In November, voters will decide whether to increase lawmakers’ salaries from $24,000 a year to $35,000 a year based on a recommendation from the Commission on Salaries for Elective State Officers. It would be the first raise for state lawmakers since voters approved one in 1998, the only time a raise has been approved.

Gallardo, who supports Proposition 304, said a lawmaker’s days at the statehouse often begin at 7:30 a.m. and ended at 9. Then there’s work with constituents.

The long hours were easier for him because he’s single, he said, but that not all of his fellow lawmakers were in the same situation.

“In session bills get done really quickly and lawmakers can’t afford to spend time after because they have other jobs to focus on,” Gallardo said.

Since 1998, voters have consistently gone against proposed raises for lawmakers, with the last defeat coming in 2008. There weren’t proposals in 2010 or 2012 due to the recession.
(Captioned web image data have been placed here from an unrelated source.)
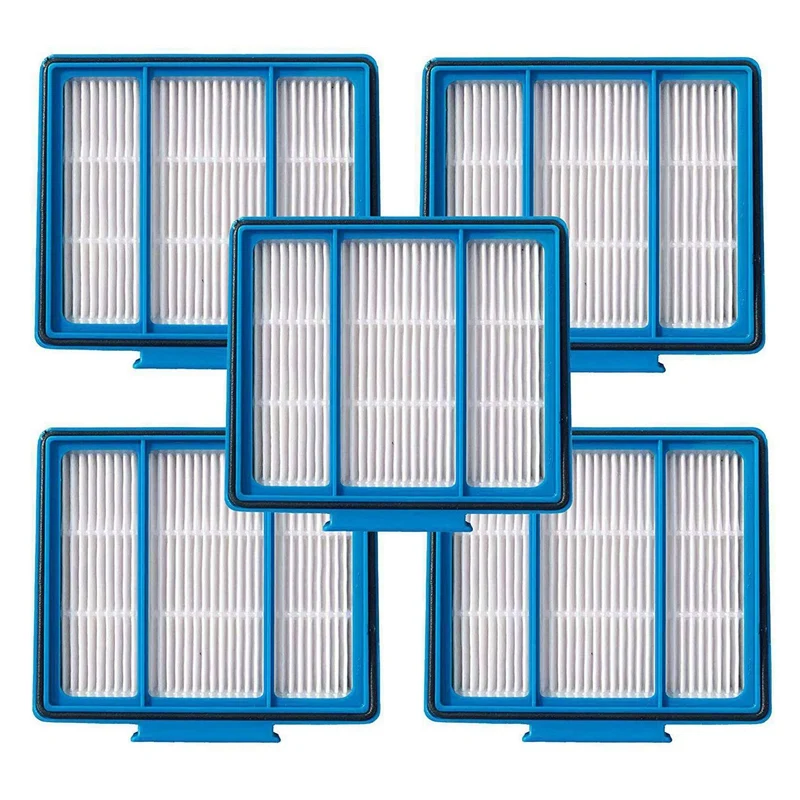 

10 Pcs Replacement HEPA Filter Compatible For Shark ION Robot Fit For Shark IQ Robot R101AE RV1001AE UR1005AE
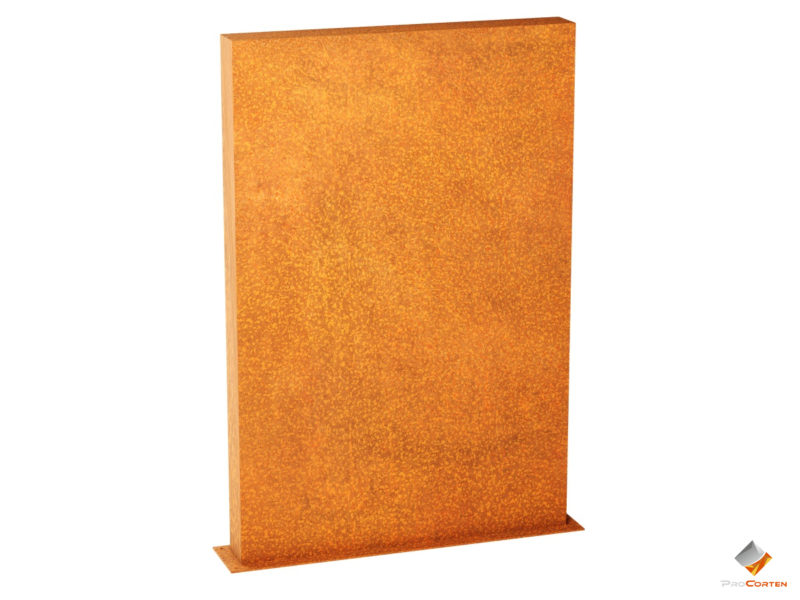 Ограждение из стали Corten  ESPADA D5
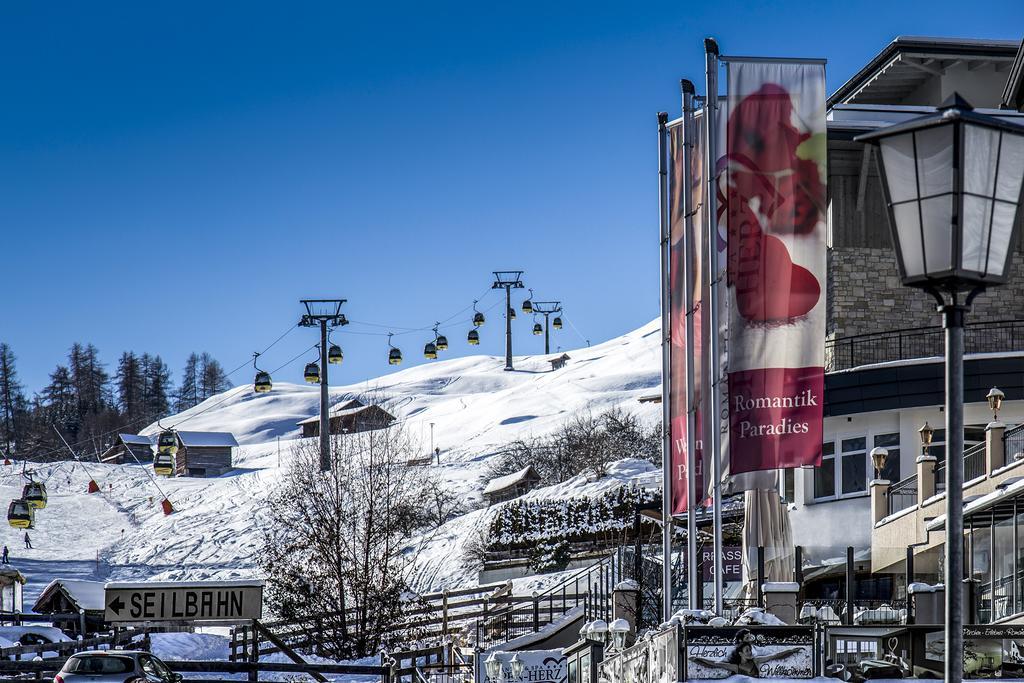 Alpen-Herz Romantik & Spa - Adults Only Ladis Exterior foto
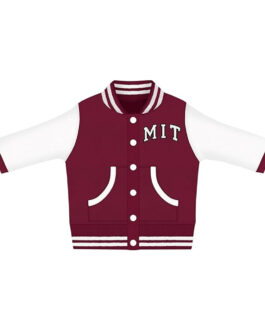 Institute of Technology Arched MIT Varsity Jacket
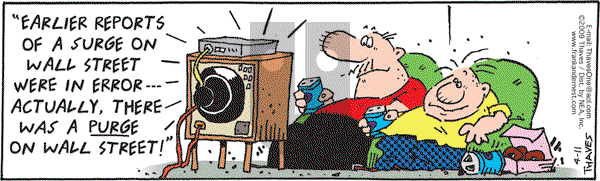 Frank and Ernest - Saturday April 11, 2009 Comic Strip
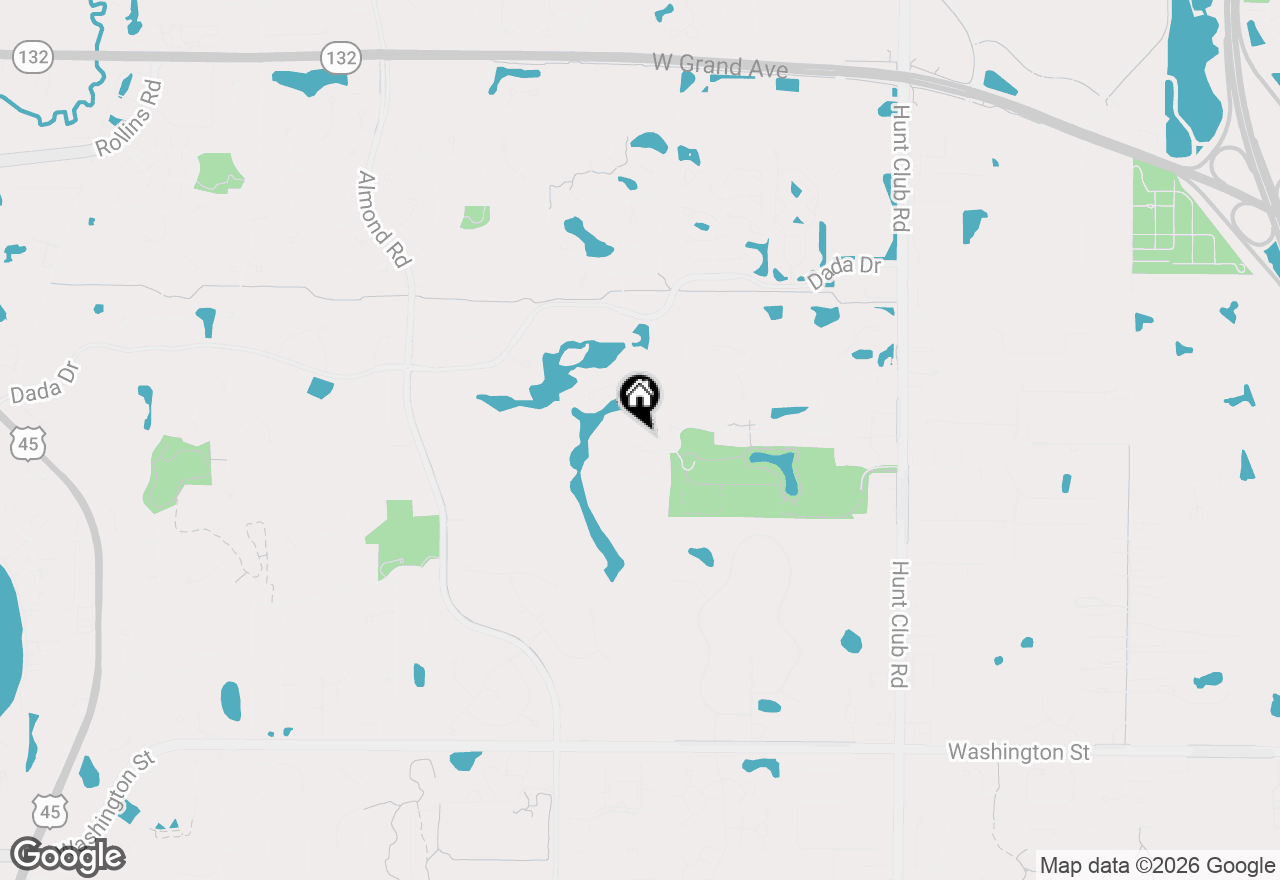 Map of 6952 Revere Court, Gurnee, IL 60031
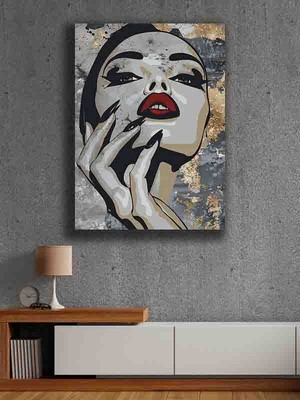 Çerçevesiz Kendinden Yapışkanlı Tablo Görünümlü Duvar Posteri Çerçevesiz Çıtasız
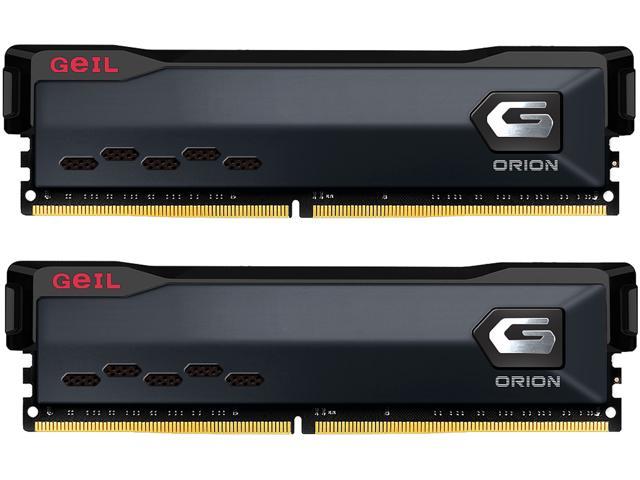 GeIL ORION AMD Edition 32GB (2 x 16GB) 288-Pin PC RAM DDR4 3200 (PC4 25600) Desktop Memory Model GAOG432GB3200C16BDC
In addition to their salaries, lawmakers also receive a daily per-diem to cover travel and living expenses: $35 for Maricopa County residents and $60 for those who travel from elsewhere.
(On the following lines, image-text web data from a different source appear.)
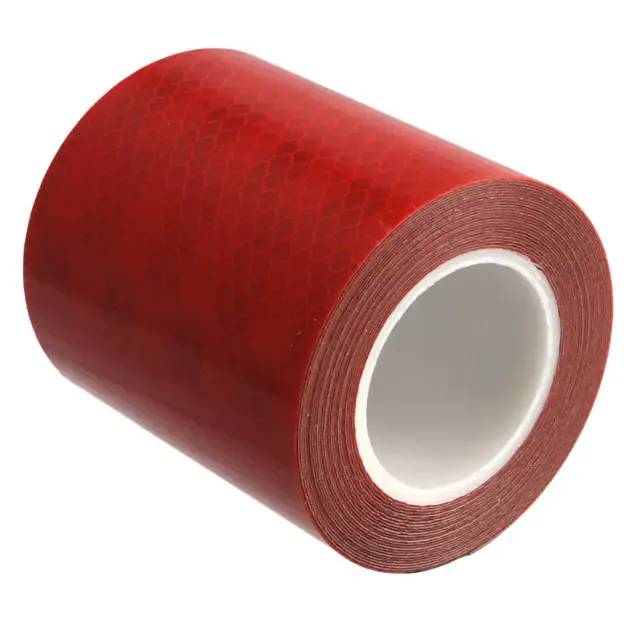 4-5-3432 (TAPE REFLECTIVE RED 4X 5YDS")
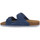 Sapatos Mulher Chinelos Grunland JEANS 70SARA Azul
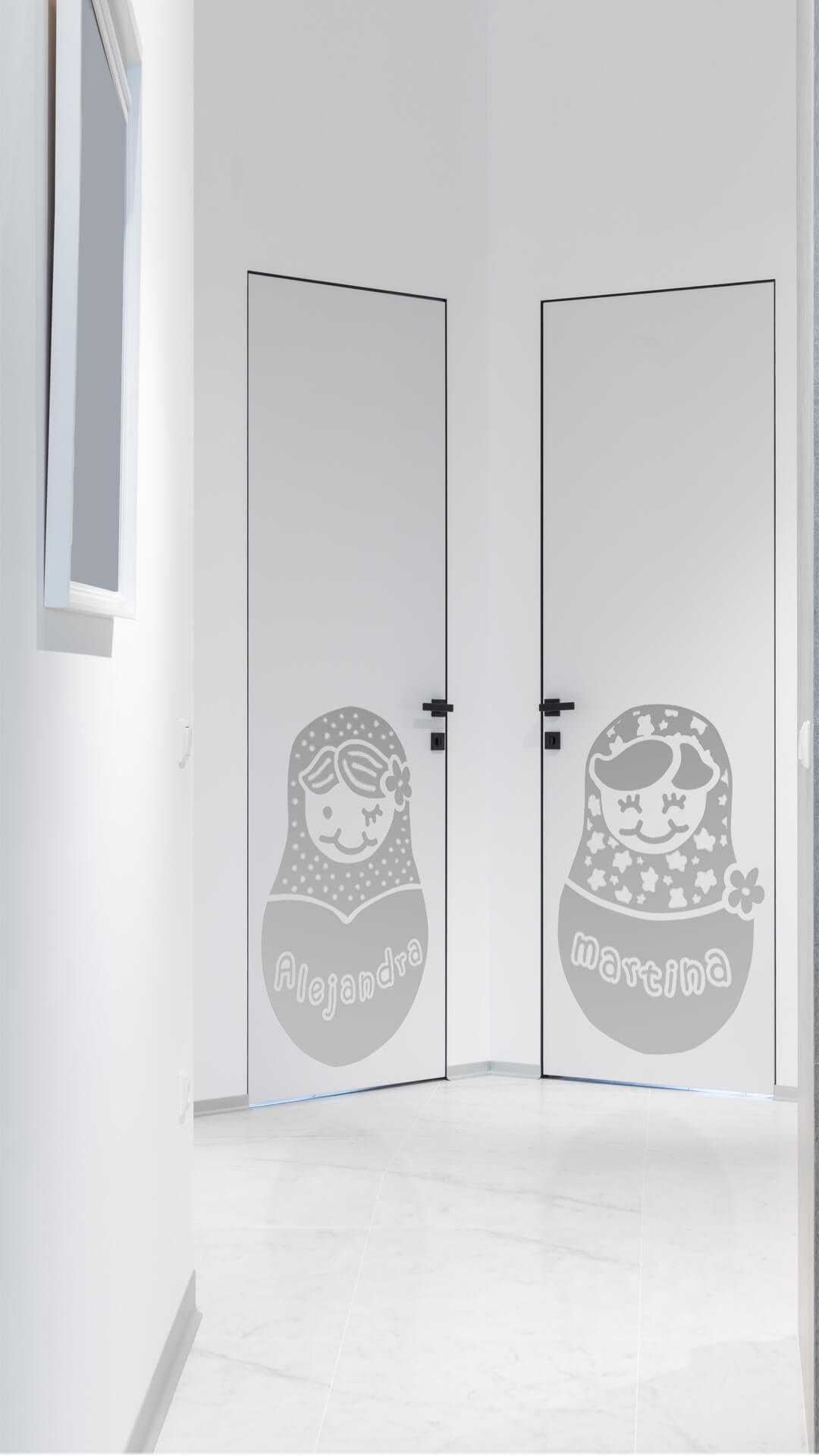 mural muñeca matrioska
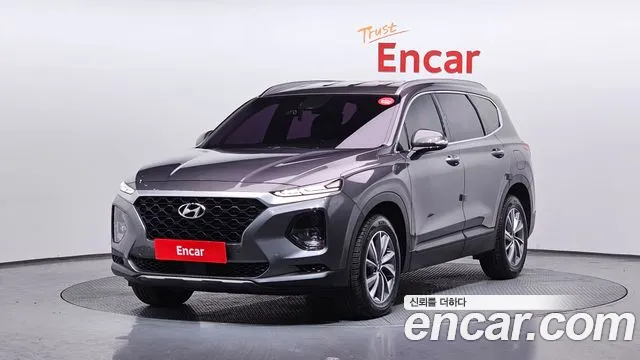 Hyundai Santafe 2019 — фото 1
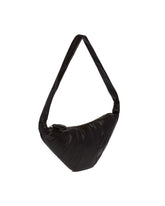 Brown Medium Croissant Bag | PDP | Antonia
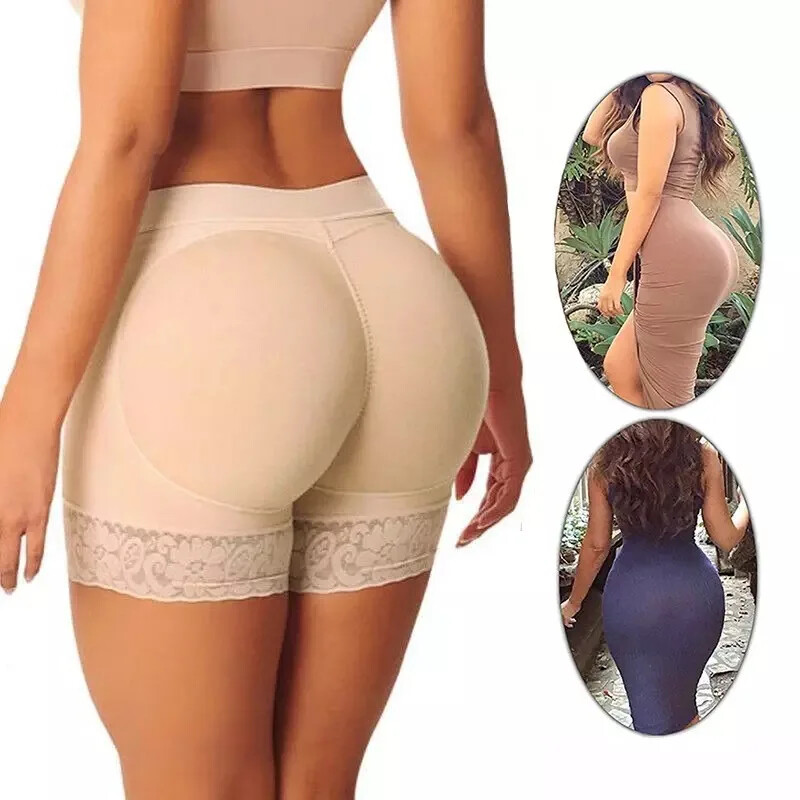 Women's Butt Lifter Padded Panty with Bum Enhancement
The Commission on Salaries for Elective State Officers made its recommendation based on inflation. The Bureau of Labor Statistics Consumer Price Index calculated that $24,000 in 1998 equates to $35,021.15 today.
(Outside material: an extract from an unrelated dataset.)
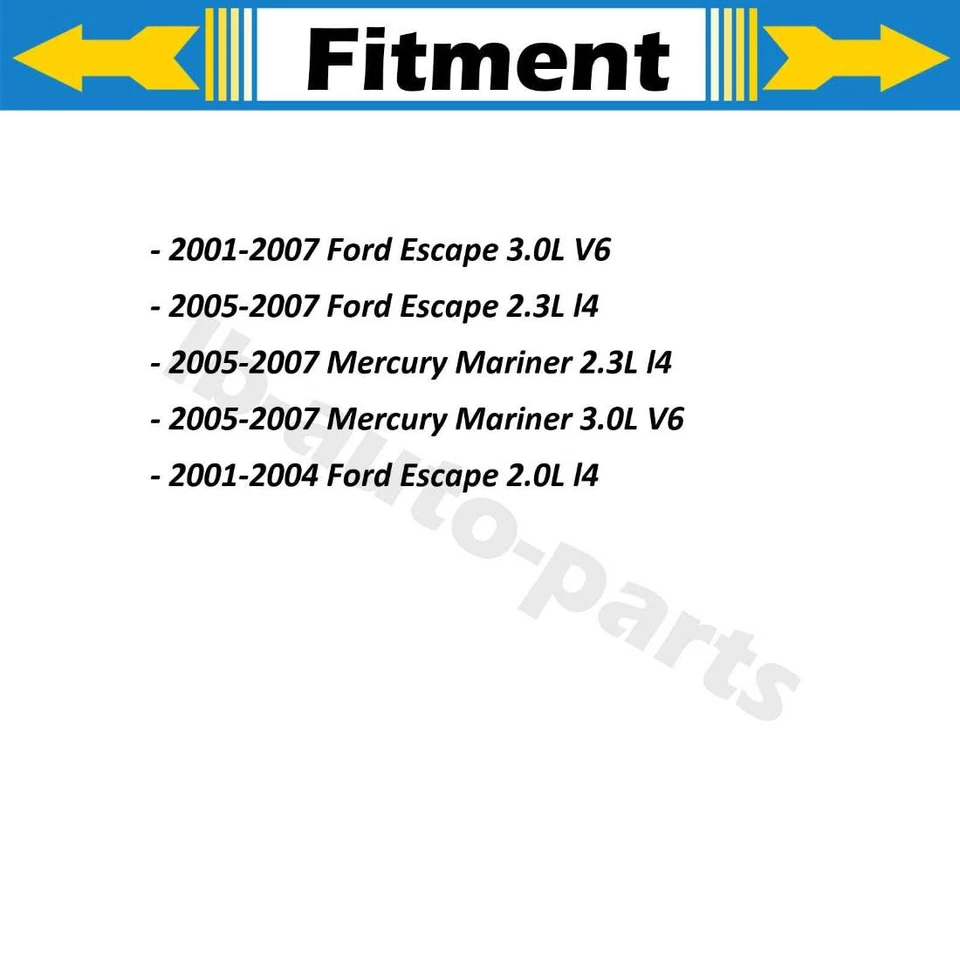Manguera hidráulica de freno delantero Raybestos para Ford Escape 2X Foto 2 de 4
Lisa Atkins, chairwoman of the commission, said it’s a good time to revisit the issue with the economy improving.

“Nobody runs for the Legislature based on the salary. Nobody says, ‘I want a $24,000 a year job,’” she said. “They run because of their passion for public service.”

While the legislative session is supposed to last 100 days in the spring, in the end lawmakers must give up full-time jobs to better serve constituents, Atkins said.

“We owe it to those people who run for office and make our policy decisions for a multi-billion dollar state that we fairly compensate them,” she said.

Joe Kanefield, a member of the commission, said that while Arizonans want a citizen Legislature lawmakers’ compensation should reflect the work they do beyond the regular session.

“We also need to make sure they can adequately supplement their income for whatever else they’re doing,” he said.

Karen Johnson, a former state senator, submitted an argument against Proposition 304 for the Secretary of State Publicity Pamphlet, which explains ballot measures. It noted that a higher salary doesn’t mean better government and added that Illinois, California and New York have the highest salaries for lawmakers but are, Johnson said, run poorly and in debt.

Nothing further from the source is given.